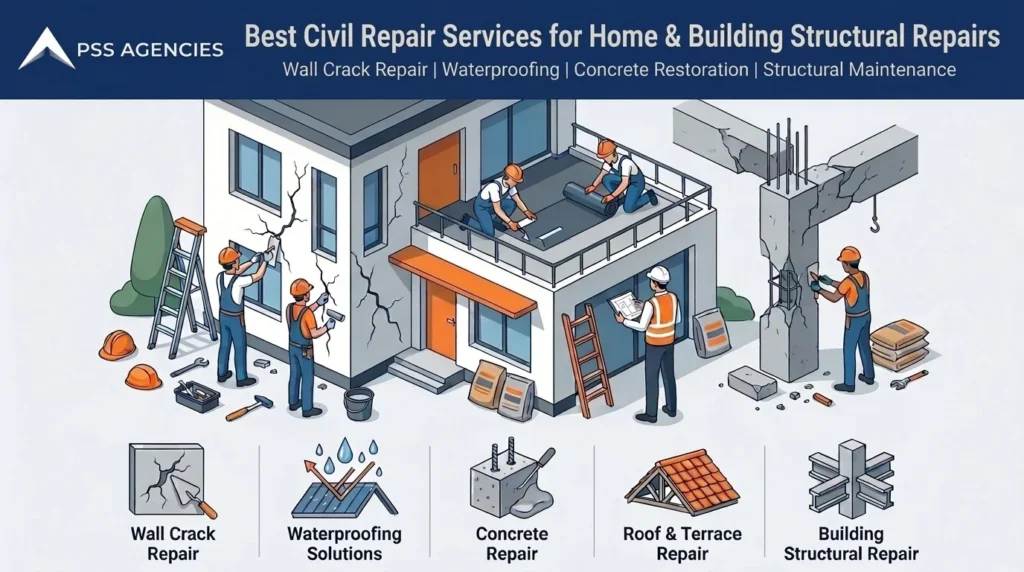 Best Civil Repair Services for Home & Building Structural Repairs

============

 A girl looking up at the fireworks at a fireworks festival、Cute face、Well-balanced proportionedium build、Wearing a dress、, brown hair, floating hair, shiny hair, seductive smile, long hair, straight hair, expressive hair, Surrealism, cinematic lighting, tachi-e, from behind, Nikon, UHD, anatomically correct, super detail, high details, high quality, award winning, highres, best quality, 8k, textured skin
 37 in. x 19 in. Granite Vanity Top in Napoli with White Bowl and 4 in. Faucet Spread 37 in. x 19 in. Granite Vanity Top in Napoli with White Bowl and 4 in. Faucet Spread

============

# BRIEF
In the listing above, find the line with "A girl looking" and the line with "Faucet Spread 37", then print exactly those lines and every line between them.

# EXPECTED ANSWER
 A girl looking up at the fireworks at a fireworks festival、Cute face、Well-balanced proportionedium build、Wearing a dress、, brown hair, floating hair, shiny hair, seductive smile, long hair, straight hair, expressive hair, Surrealism, cinematic lighting, tachi-e, from behind, Nikon, UHD, anatomically correct, super detail, high details, high quality, award winning, highres, best quality, 8k, textured skin
 37 in. x 19 in. Granite Vanity Top in Napoli with White Bowl and 4 in. Faucet Spread 37 in. x 19 in. Granite Vanity Top in Napoli with White Bowl and 4 in. Faucet Spread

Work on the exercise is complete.